### Work instructions:
Look through the entries below and extract exactly the lines from the one containing "Salvage Ford Escape" through the one containing "13 Distribution of", ends included.

### Supplied data:
__________

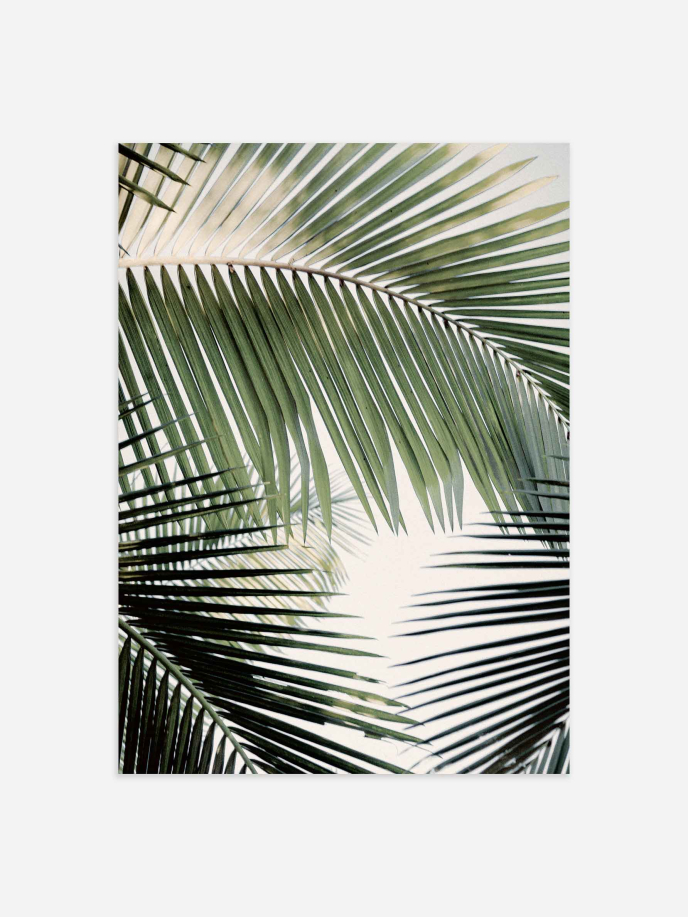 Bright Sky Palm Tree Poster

__________

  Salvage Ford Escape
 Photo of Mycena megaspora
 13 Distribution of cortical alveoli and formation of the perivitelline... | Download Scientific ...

__________

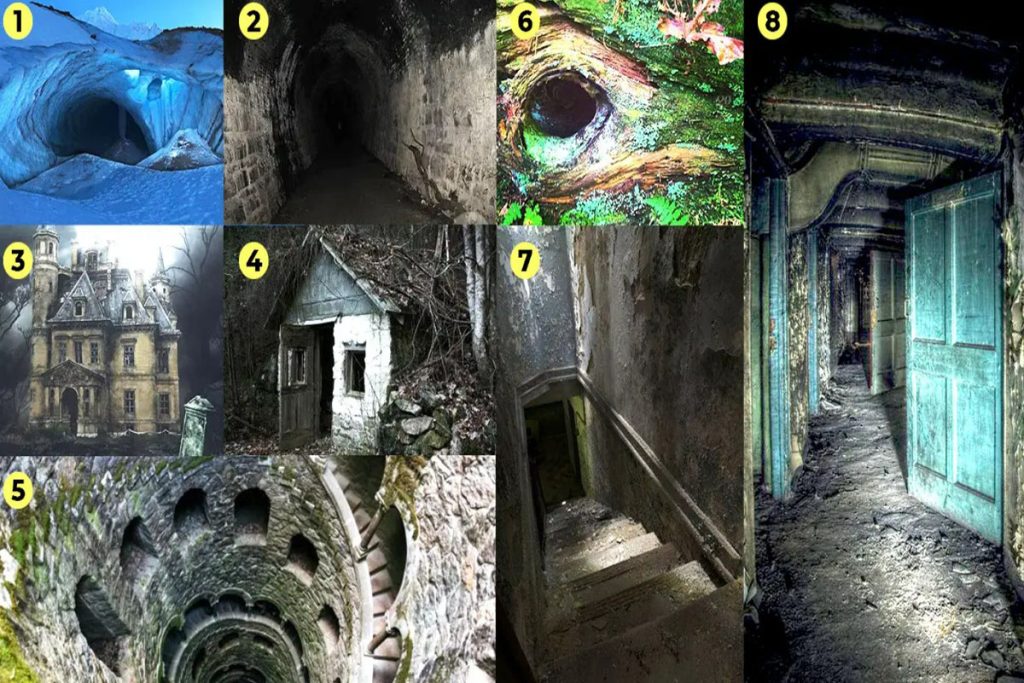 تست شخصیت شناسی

__________

### Answer box:
  Salvage Ford Escape
 Photo of Mycena megaspora
 13 Distribution of cortical alveoli and formation of the perivitelline... | Download Scientific ...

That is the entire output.